Supplied records →
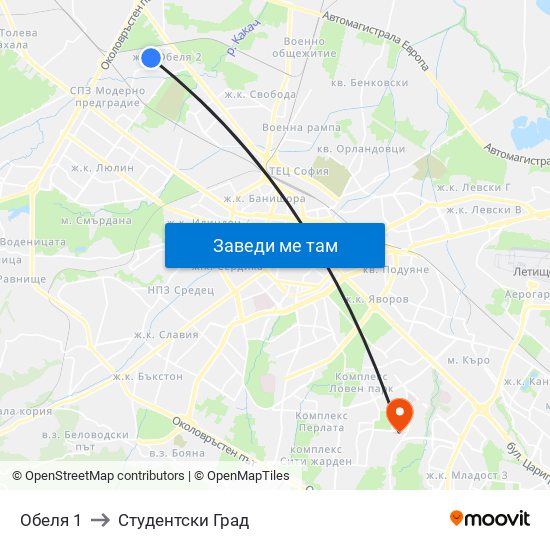 Обеля 1 to Студентски Град map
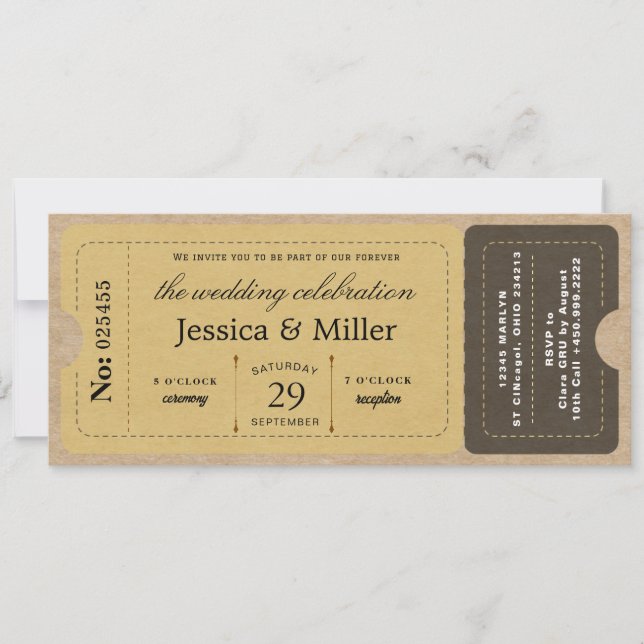 Invitación  Rustic Boarding Pass Style Ticket Wedding (Anverso)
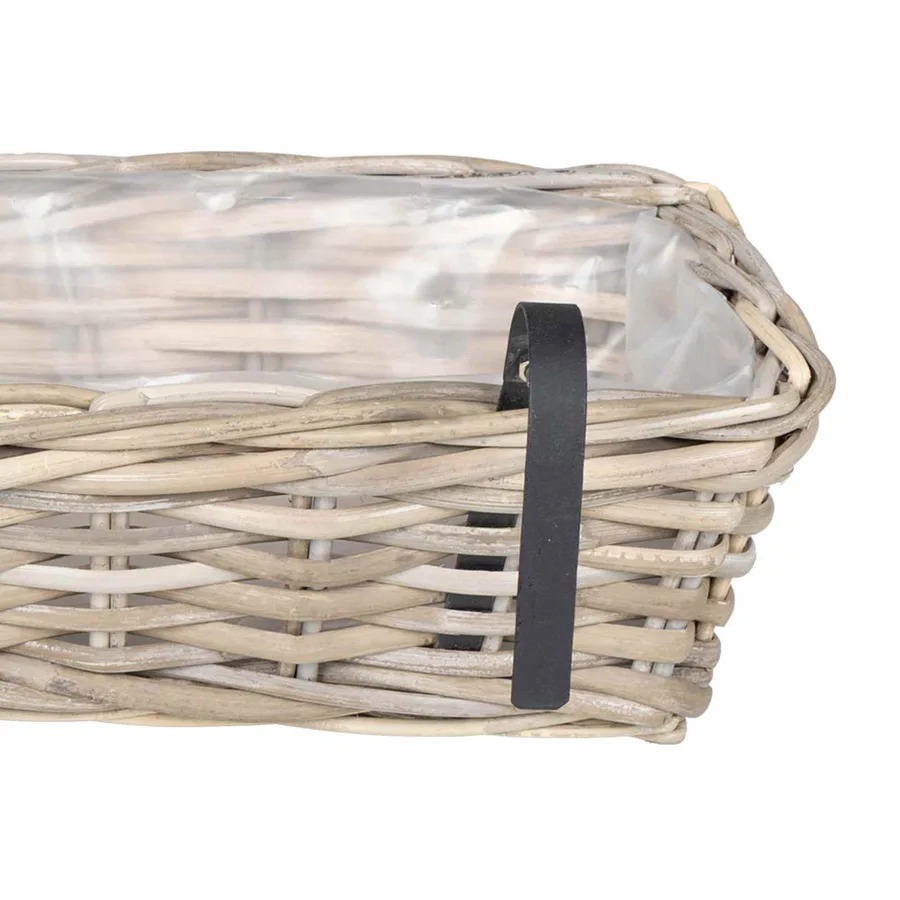 Panier à jardinière suspendu 2 pc Gris naturel 48 x 22 x 15 cm - 9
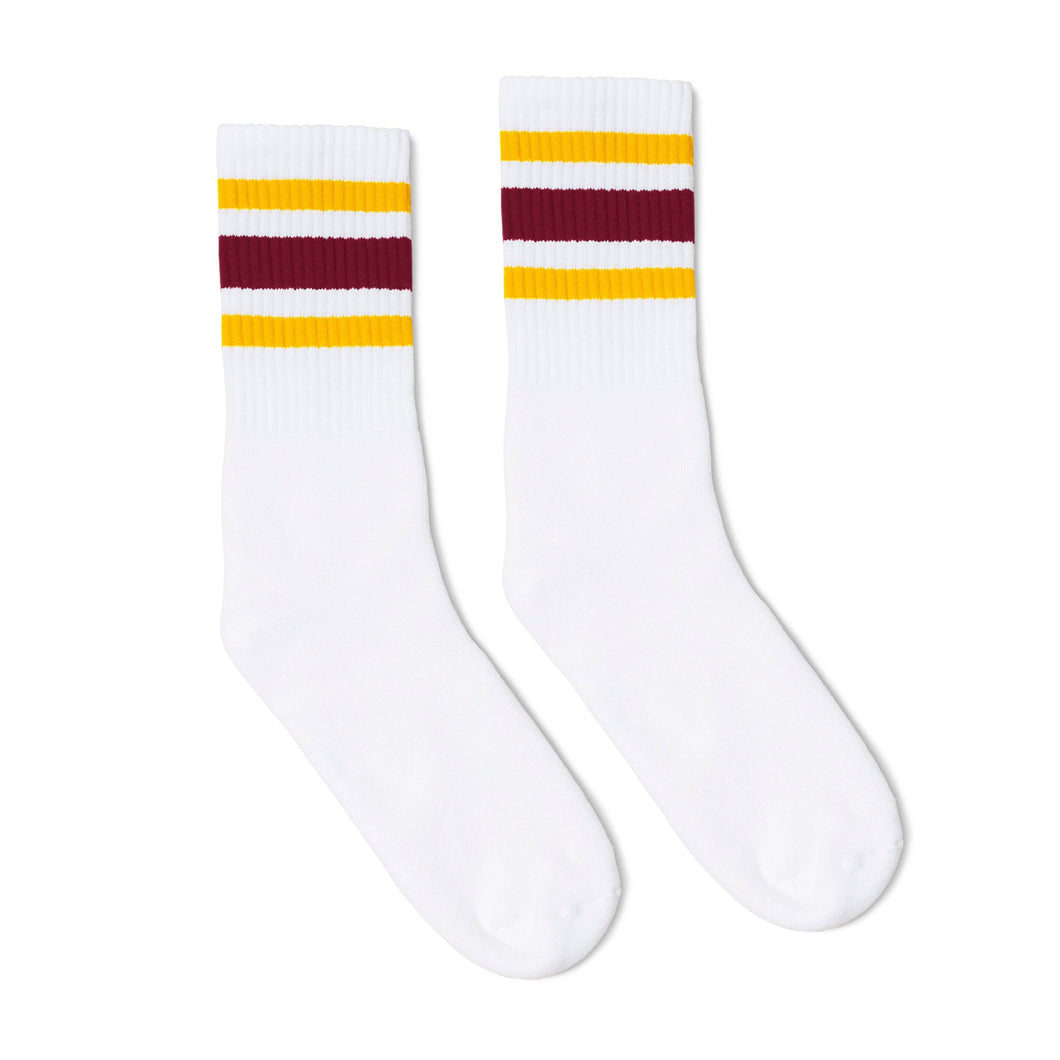 Gold and Maroon Striped Socks | White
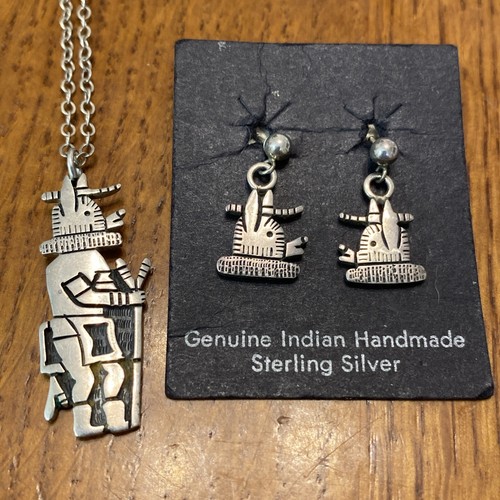 Marcus Lomayestewa Hopi Guild Sterling Silver Set Pendant Earrings Figural 8h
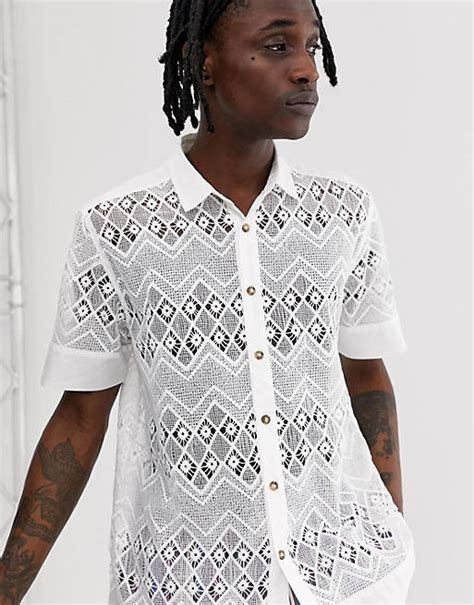 Asos Design Regular Crochet Shirt In White Asos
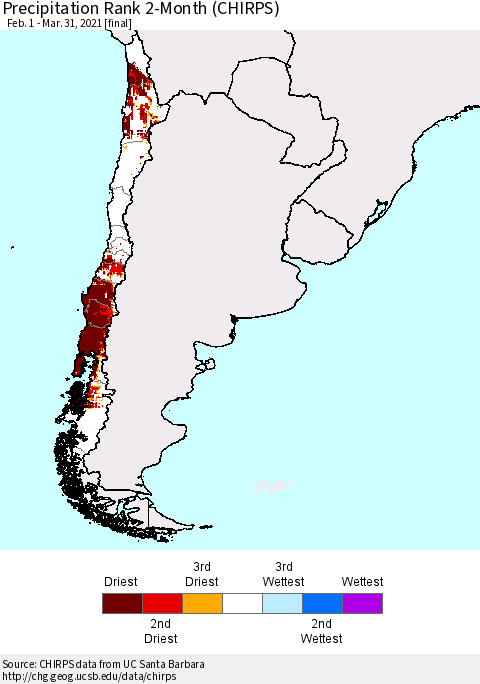 Chile Precipitation Rank since 1981, 2-Month (CHIRPS) Thematic Map For 2/1/2021 - 3/31/2021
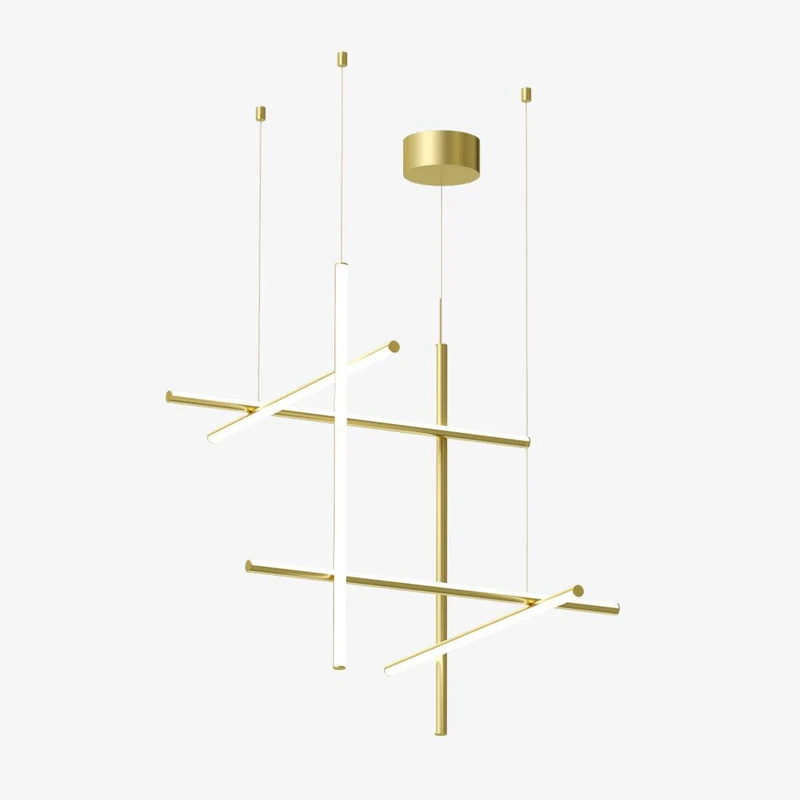 Gridline Kroonluchter LED Aluminium Goud Zwart Woonkamer Eetkamer 3000K 4000K 6000K Modulair Lijnarmatuur Plafondlamp | Sansoti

Action item →
Lines from the one containing "Gold and Maroon Striped Socks | White" through the end of the entries above, both included, are to be written out exactly; no pictures and no other lines.

Written solution →
 Gold and Maroon Striped Socks | White
 Marcus Lomayestewa Hopi Guild Sterling Silver Set Pendant Earrings Figural 8h
 Asos Design Regular Crochet Shirt In White Asos
 Chile Precipitation Rank since 1981, 2-Month (CHIRPS) Thematic Map For 2/1/2021 - 3/31/2021
 Gridline Kroonluchter LED Aluminium Goud Zwart Woonkamer Eetkamer 3000K 4000K 6000K Modulair Lijnarmatuur Plafondlamp | Sansoti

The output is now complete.